I did faithfully start her up once a week, but didn’t let her run long enough, because, behold: the battery sputtered and coughed and died.  I’m guessing this is the case for a fair number of us.
On Sunday – the first decent Sunday in months – I got up early and made my yawning way to the bike, pausing only at a coffee shop for a prescription to stop yawning.
I called the RAC and waited, sipping coffee and enjoying the sight of sunshine. They told me 75 minutes. They actually meant 15.
It took the RAC 2 minutes to sort me out and I promised to go for a long ride to recharge the battery.
‘How long is that?’
‘At least 100 miles.’
‘That is long. Do you have enough petrol in the tank to do that?’
As it happened, yes, but good grief! That’s what filling stations are for.  Or did I miss something?
I fought my way out of London, thinking, as always, of the description in a  Herriot book about walking in cities involving ‘big steps and little ones’ and therefore  you can’t find your rhythm. Yeah. Try riding in London sometime.

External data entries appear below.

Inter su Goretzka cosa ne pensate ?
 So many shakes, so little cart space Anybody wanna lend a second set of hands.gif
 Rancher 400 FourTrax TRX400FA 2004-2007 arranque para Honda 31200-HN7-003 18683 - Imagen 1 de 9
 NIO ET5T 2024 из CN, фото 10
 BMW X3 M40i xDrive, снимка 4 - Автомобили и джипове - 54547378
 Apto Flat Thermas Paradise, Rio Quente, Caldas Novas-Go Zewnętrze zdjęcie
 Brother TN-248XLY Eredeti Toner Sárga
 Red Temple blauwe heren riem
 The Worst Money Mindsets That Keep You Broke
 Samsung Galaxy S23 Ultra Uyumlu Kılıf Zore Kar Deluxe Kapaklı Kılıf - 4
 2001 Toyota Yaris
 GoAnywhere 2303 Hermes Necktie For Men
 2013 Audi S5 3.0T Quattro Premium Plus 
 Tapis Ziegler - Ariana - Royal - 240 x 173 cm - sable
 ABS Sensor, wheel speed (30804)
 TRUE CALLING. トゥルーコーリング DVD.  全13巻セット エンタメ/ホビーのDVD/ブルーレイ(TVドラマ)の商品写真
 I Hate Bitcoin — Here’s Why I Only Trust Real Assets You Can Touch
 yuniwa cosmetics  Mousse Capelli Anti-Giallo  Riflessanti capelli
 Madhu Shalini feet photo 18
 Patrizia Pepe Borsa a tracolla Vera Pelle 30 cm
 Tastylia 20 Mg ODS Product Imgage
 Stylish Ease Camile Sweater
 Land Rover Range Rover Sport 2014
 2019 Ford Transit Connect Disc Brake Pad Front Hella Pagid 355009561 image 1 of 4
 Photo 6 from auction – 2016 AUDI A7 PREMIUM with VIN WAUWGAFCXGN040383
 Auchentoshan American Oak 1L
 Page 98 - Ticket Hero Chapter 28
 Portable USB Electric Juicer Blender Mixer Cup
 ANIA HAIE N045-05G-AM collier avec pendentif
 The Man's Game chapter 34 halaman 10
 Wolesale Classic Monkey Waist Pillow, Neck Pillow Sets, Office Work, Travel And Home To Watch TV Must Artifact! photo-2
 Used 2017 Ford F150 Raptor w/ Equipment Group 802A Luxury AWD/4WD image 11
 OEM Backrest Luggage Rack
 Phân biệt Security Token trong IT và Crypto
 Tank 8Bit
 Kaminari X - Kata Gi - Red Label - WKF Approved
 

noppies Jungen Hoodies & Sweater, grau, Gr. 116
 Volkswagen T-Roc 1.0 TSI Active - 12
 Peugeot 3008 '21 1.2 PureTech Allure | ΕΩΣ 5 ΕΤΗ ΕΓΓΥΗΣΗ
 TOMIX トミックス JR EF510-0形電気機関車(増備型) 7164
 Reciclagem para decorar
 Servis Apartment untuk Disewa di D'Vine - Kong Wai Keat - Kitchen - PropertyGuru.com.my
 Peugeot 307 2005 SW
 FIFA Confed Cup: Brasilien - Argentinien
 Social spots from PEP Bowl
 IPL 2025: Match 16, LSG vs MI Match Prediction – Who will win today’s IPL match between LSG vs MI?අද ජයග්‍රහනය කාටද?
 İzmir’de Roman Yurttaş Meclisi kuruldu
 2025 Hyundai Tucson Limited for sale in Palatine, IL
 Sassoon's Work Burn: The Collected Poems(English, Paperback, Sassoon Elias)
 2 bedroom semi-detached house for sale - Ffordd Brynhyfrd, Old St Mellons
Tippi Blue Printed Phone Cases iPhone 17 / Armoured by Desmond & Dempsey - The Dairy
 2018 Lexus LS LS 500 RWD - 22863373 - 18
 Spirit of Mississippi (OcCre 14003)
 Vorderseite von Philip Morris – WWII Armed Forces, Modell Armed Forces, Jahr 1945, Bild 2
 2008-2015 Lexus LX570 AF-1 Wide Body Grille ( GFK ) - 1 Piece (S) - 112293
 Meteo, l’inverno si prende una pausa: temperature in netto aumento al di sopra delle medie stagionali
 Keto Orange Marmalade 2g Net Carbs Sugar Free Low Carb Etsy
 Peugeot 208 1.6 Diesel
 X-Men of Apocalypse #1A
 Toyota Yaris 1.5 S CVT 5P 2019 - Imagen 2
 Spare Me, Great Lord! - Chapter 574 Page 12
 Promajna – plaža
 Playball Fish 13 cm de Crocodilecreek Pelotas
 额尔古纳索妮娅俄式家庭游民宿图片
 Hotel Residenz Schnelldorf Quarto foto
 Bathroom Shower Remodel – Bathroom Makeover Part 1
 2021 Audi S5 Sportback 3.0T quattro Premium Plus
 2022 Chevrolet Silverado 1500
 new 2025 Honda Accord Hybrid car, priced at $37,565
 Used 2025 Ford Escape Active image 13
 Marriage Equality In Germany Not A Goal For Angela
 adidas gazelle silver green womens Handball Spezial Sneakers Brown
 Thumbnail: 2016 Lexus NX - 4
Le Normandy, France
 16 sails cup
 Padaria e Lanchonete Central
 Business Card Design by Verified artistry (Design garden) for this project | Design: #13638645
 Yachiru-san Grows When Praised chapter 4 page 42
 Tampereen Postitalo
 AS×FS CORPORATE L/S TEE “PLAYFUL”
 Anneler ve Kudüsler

I hit the A3 with a sigh of relief and vaguely headed SW. I wound up on the A303, passing itsy-bitsy Stonehenge (no, seriously. It’s small) and remembering why I generally avoid the A303, which is also surprisingly small for as significant a route as it is.
I paused to refuel, and exhaled when the bike growled to life instantly. I was considering heading for Cheddar and surprising Jen & co when I noticed increasingly marshy fields on either side of the road, and realised that approaching Cheddar from the Levels side wasn’t perhaps the most intelligent option after the very wet winter.
A36 to Bath via Warminster, then. The bike was now purring much better past  Warminster, Trowbridge, Chippenham and I realised I was on the A350 now, and the A36 had disappeared off the signboards. In the absence of a sequence of towns I recognised, I started to loop north and east. Also, I was getting hungry and the pubs weren’t quite open yet. I had allowed far more time for the RAC to arrive and sort me out necessary. I peeled an eyeball for a country pub open early. Such a gem failed to materialise.
240 miles later, I was back and parked up and grinning from ear to ear and invigorated. The bike was still purring softly under her cover, although I might have been hearing echoes of the road.